By making this trade, general manager Dave Littlefield has accomplished the seemingly impossible. He made the Pirates a buyer instead of a seller at the trading deadline. Perhaps, Littlefield missed the part where the Pirates lost 13 of their first 15 after the All-Star Game and went from a team with a glimmer of hope to one careening toward another 90-loss season.

It's a move that reeks of desperation and of Littlefield, who has yet to produce a winning season in six years, making a final attempt to keep his job, which is widely believed to be in jeopardy.

What's particularly scary is that in acquiring such a contract, Littlefield clearly had to get permission from owner Bob Nutting and that such permission was forthcoming.
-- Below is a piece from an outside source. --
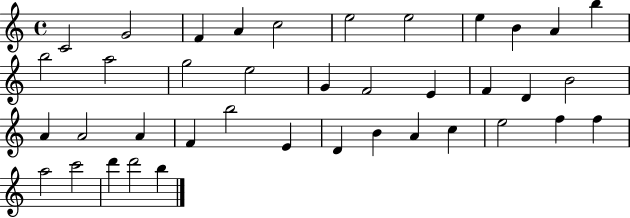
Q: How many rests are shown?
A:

It again brings into question, as have so many other moves in the past, whether anyone in the Pirates' organization knows what they're doing.


For example: The deal comes two days after Leo Nunez made a second consecutive strong start for the Kansas City Royals. In 10 innings, in his first two major-league starts, Nunez has allowed one earned run.

Nunez is a prime example of the player personnel decisions of the Littlefield era. In December of 2004, the Pirates traded Nunez to Kansas City, although he was registering upwards of 95 mph on the radar gun while pitching in the low minors. They dealt him for Benito Santiago, a veteran catcher who was so far past his prime that the Pirates released him May 8. He never played for another major-league team.

In other words, the Pirates were dead wrong in their evaluation of Santiago and dead wrong in their evaluation of Nunez.

In an organization still trying to develop pitchers who are 26 and 27 years old, like Bryan Bullington and Van Benschoten, Nunez is only 23.

Morris will be 33 in eight days, and the Pirates see him as a veteran presence to stabilize an otherwise young rotation. In theory, that sounds great. In practice, particularly when the veteran is having trouble getting batters out, it doesn't necessarily work.

In 2005, the Pirates added Mark Redman, a veteran starter, to the rotation and paid him $4.5 million. That was the same year the career of Oliver Perez began a downward plunge that did not stop until he left the organization. This isn't to suggest Redman was responsible for the decline of Perez. It is only to show veteran presence is vastly overrated.

Even if Morris reverses this recent career decline, the wisdom of such a trade must come into question. His salary next season will be $9.5 million, but it could go slightly higher as it did this season. That would represent about 20 percent of the team's payroll. It is not considered a wise policy to pay that high a percentage of the payroll to one player, regardless of the size of the payroll.

But the 2008 payroll does not figure to be a problem Littlefield will have to face.
I agree with everything but the last sentence. If ownership approved the trade, then what makes anybody think that they don’t totally support what Littlefield is doing here? My initial thought on seeing this trade was, “Good...that should be the final nail in Littlefield’s coffin.” But now I’m not so sure.